» **WHAT THIS TASK INVOLVES**:
If a record holds a picture, omit that picture and copy everything else exactly.

» **THE RECORDS**:
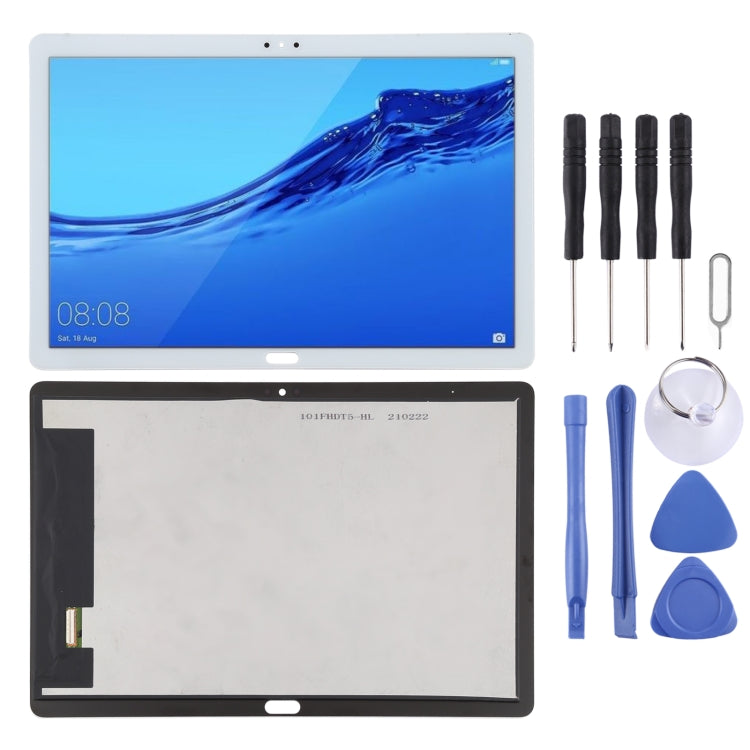 OEM LCD Screen for Huawei MediaPad T5 10.1 (LTE) with Digitizer Full Assembly (White) - LCD Screen by PMC Jewellery | Online Shopping South Africa | PMC Jewellery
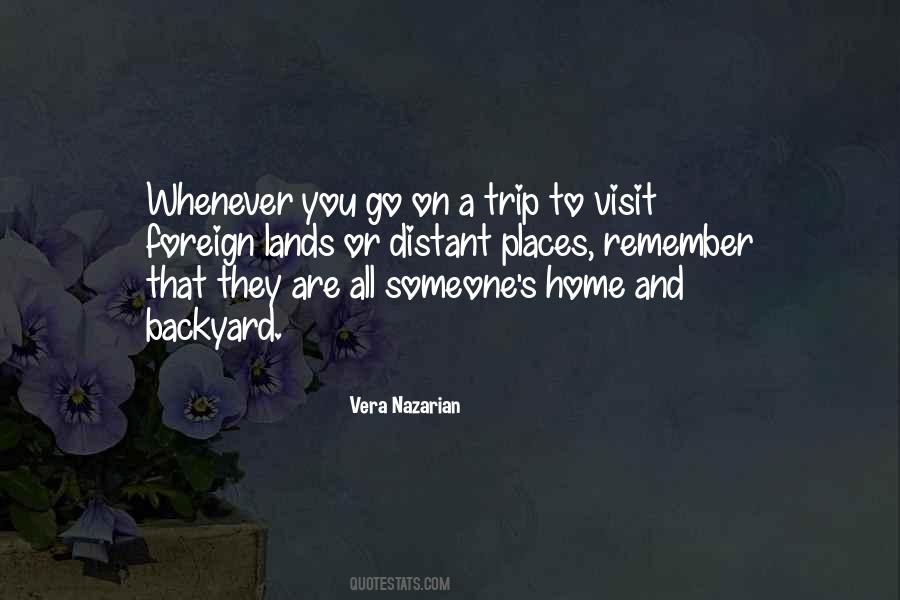 Quotes About Going To Other Places #27877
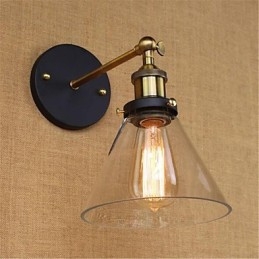 Applique da parete con luce ambientale in stile mini, stile retrò, elettroplaccato, per la protezione degli occhi
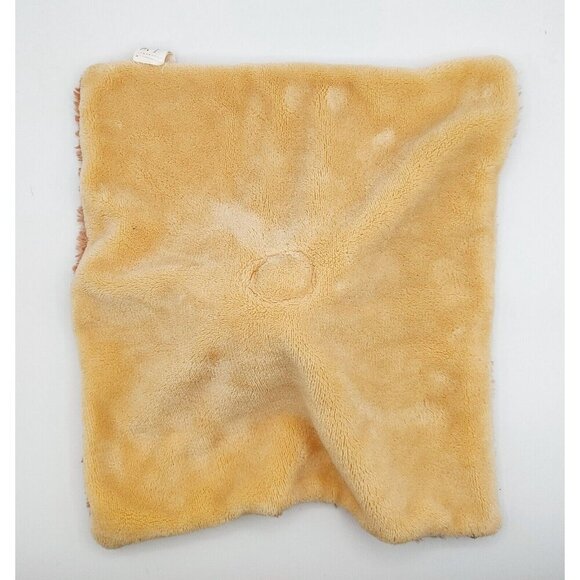 Kellytoy Bear Lovey Lovie Brown Tan Rattle Security Blanket Plush - Picture 4 of 5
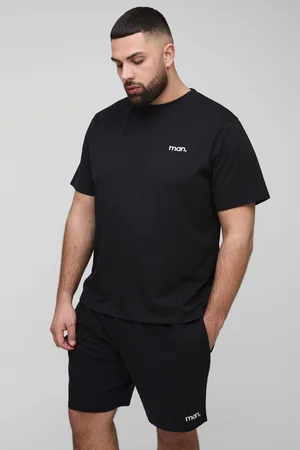 Boohoo Grande taille - Ensemble avec t-shirt et short - MAN homme - - 2XL
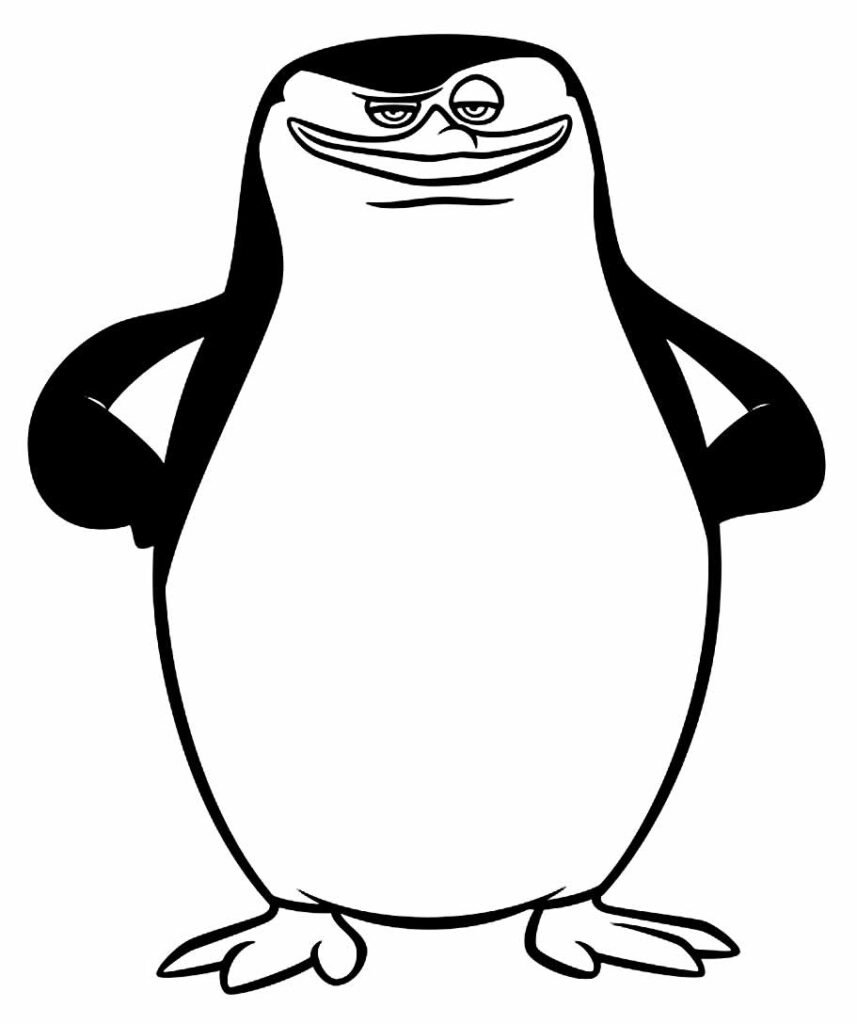 desenhos de madagascar para colorir 16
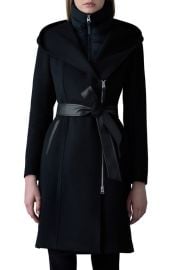 Mackage Shia-SLB 2-in-1 Double Face Wool Coat with Removable Bib at Nordstrom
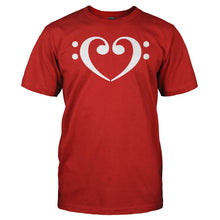 Load image into Gallery viewer, Bass Heart - T Shirt - men_red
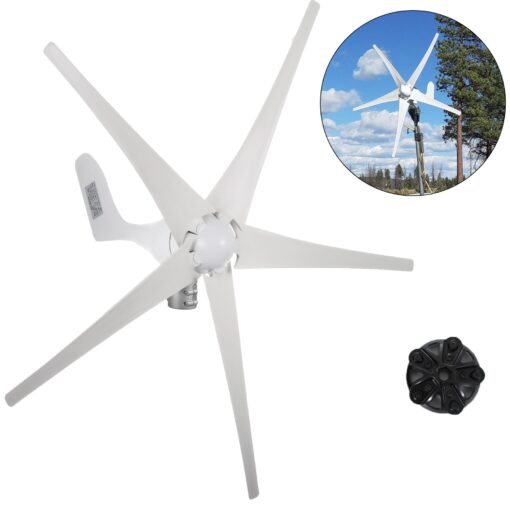 VEVOR 500W 12V Wind Turbine Generator with 5 Blade Nylon Fiber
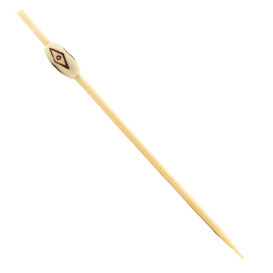 Bamboo Food Pick Ethnic Design 12cm (200 Units)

» **EXERCISE RESULT**:
 OEM LCD Screen for Huawei MediaPad T5 10.1 (LTE) with Digitizer Full Assembly (White) - LCD Screen by PMC Jewellery | Online Shopping South Africa | PMC Jewellery
 Quotes About Going To Other Places #27877
 Applique da parete con luce ambientale in stile mini, stile retrò, elettroplaccato, per la protezione degli occhi
 Kellytoy Bear Lovey Lovie Brown Tan Rattle Security Blanket Plush - Picture 4 of 5
 Boohoo Grande taille - Ensemble avec t-shirt et short - MAN homme - - 2XL
 desenhos de madagascar para colorir 16
 Mackage Shia-SLB 2-in-1 Double Face Wool Coat with Removable Bib at Nordstrom
 Load image into Gallery viewer, Bass Heart - T Shirt - men_red
 VEVOR 500W 12V Wind Turbine Generator with 5 Blade Nylon Fiber
 Bamboo Food Pick Ethnic Design 12cm (200 Units)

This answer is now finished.